EXERCISE PROMPT
The expected answer is the full listing, repeated exactly and free of images.

========================================

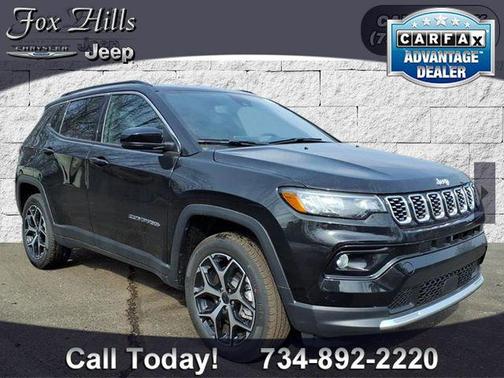 2026 Jeep Compass Limited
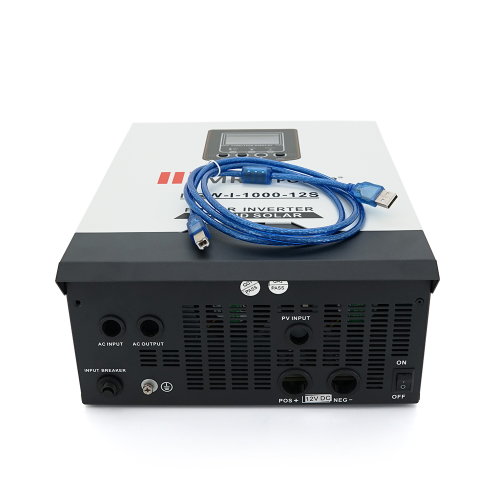 Гібридний інвертор HI-10212, 12Vdc, струм заряду 15А,PWM(55V 220Vac / 50-60Hz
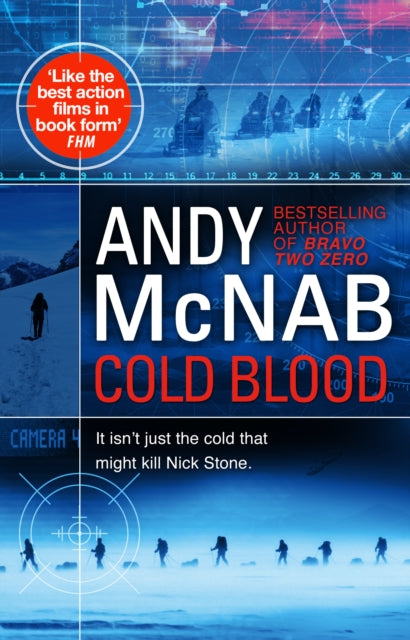 Cold Blood : (Nick Stone Thriller 18) - 9780552170949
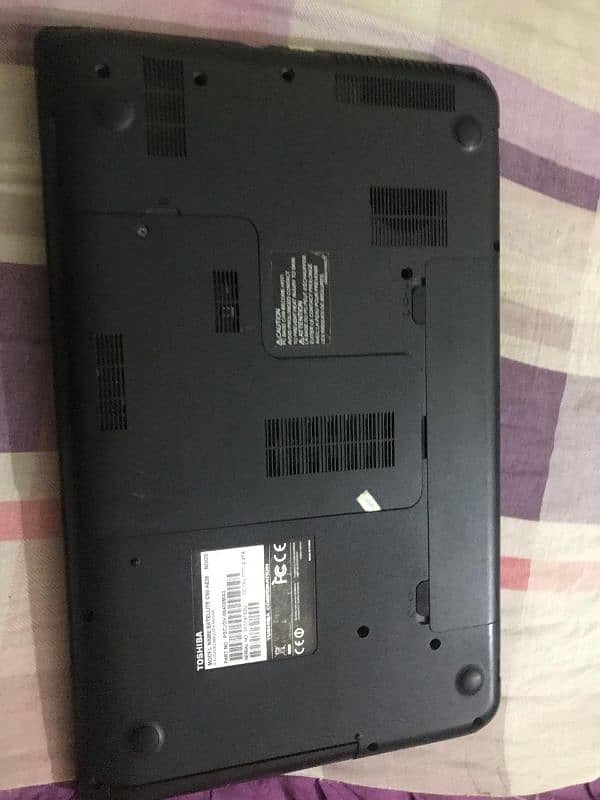 Toshiba laptop 7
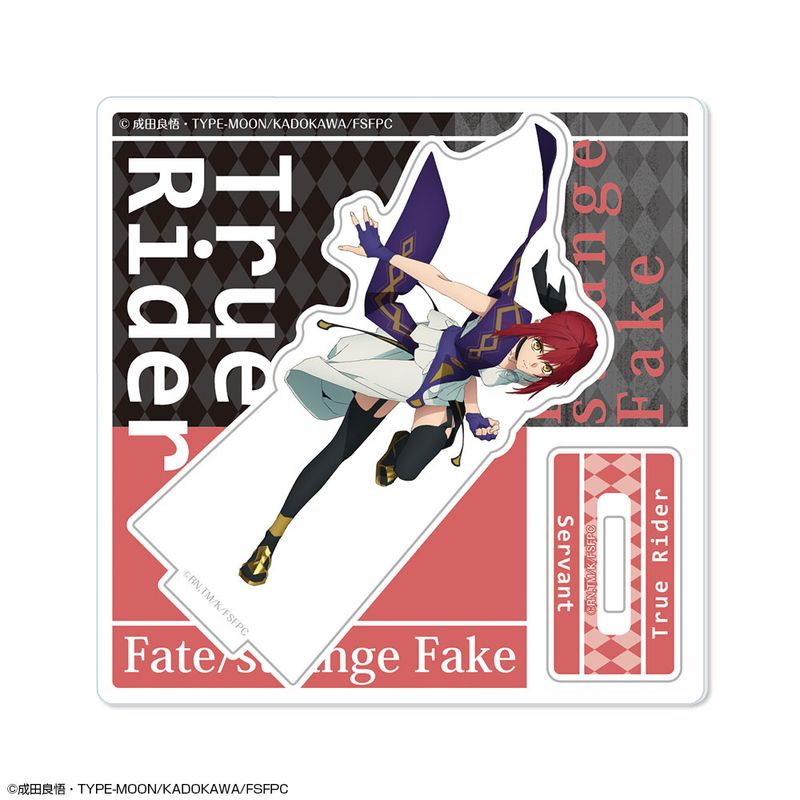 Fate/strange Fake_アクリルスタンドリトル Ver.2 デザイン07(真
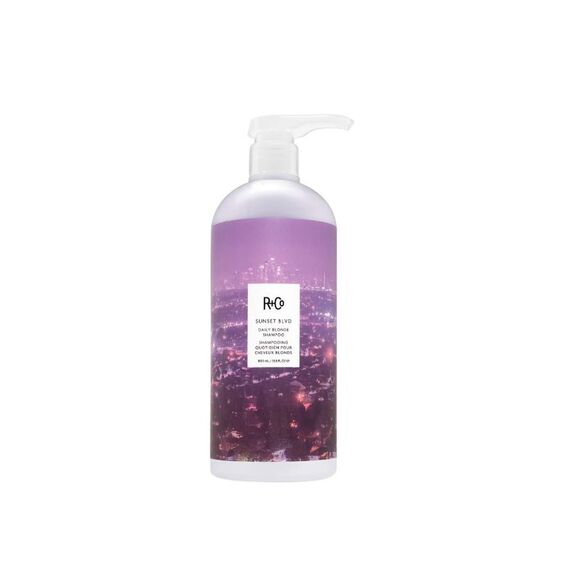 R+Co SUNSET BLVD Blonde Shampoo Liter 33.8 oz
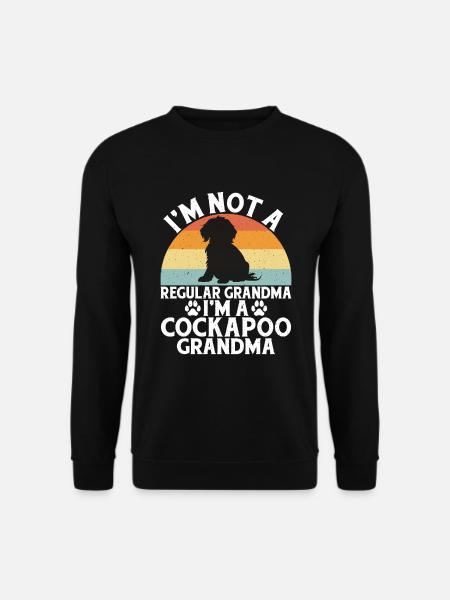 Cadeaux Cockapoo - Sweat-shirt Unisexe - noir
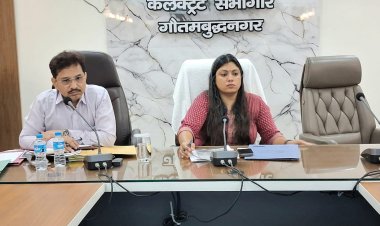 आज से शुरू होगा गौतमबुद्ध नगर में संचारी रोग नियंत्रण एवं दस्तक अभियान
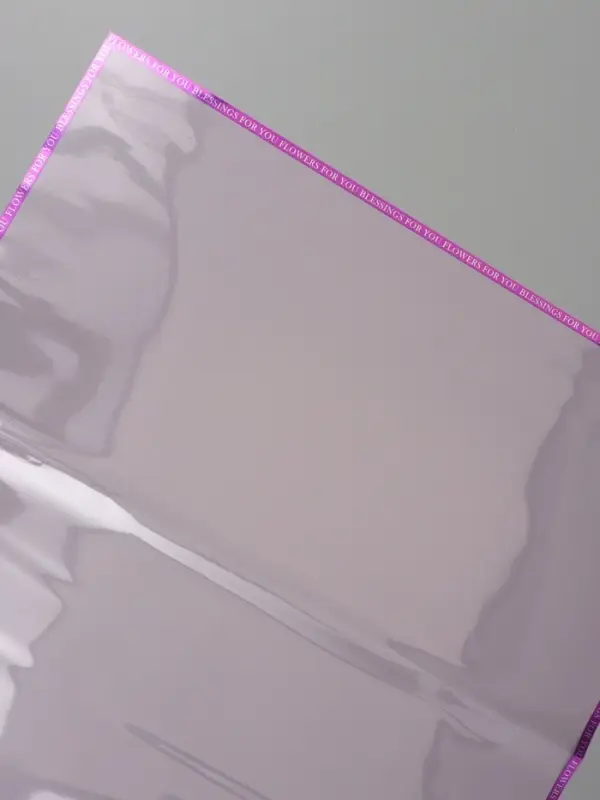 Пленка для цветов, "Для тебя", лавандовый, 57х57&plusmn;2 см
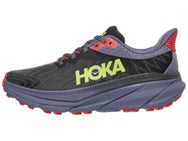 HOKA Challenger 7 Women's Shoes Obsidian/Anchor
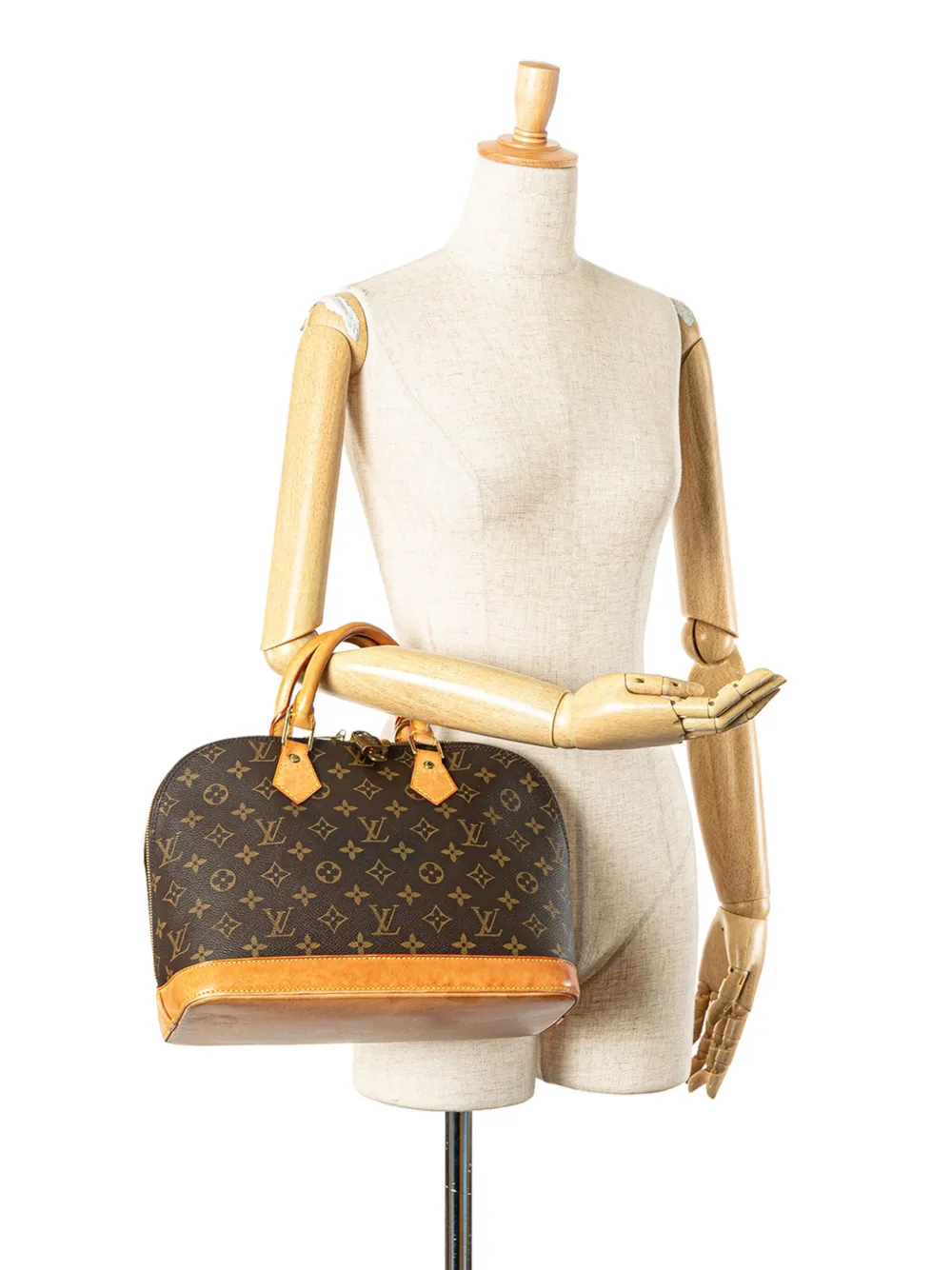 Louis Vuitton Pre-Owned sac à main Monogram Alma PM pre-owned (2006) | Pre-owned | Image 2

========================================

RESULT FOR THIS EXERCISE
 2026 Jeep Compass Limited
 Гібридний інвертор HI-10212, 12Vdc, струм заряду 15А,PWM(55V 220Vac / 50-60Hz
 Cold Blood : (Nick Stone Thriller 18) - 9780552170949
 Toshiba laptop 7
 Fate/strange Fake_アクリルスタンドリトル Ver.2 デザイン07(真
 R+Co SUNSET BLVD Blonde Shampoo Liter 33.8 oz
 Cadeaux Cockapoo - Sweat-shirt Unisexe - noir
 आज से शुरू होगा गौतमबुद्ध नगर में संचारी रोग नियंत्रण एवं दस्तक अभियान
 Пленка для цветов, "Для тебя", лавандовый, 57х57&plusmn;2 см
 HOKA Challenger 7 Women's Shoes Obsidian/Anchor
 Louis Vuitton Pre-Owned sac à main Monogram Alma PM pre-owned (2006) | Pre-owned | Image 2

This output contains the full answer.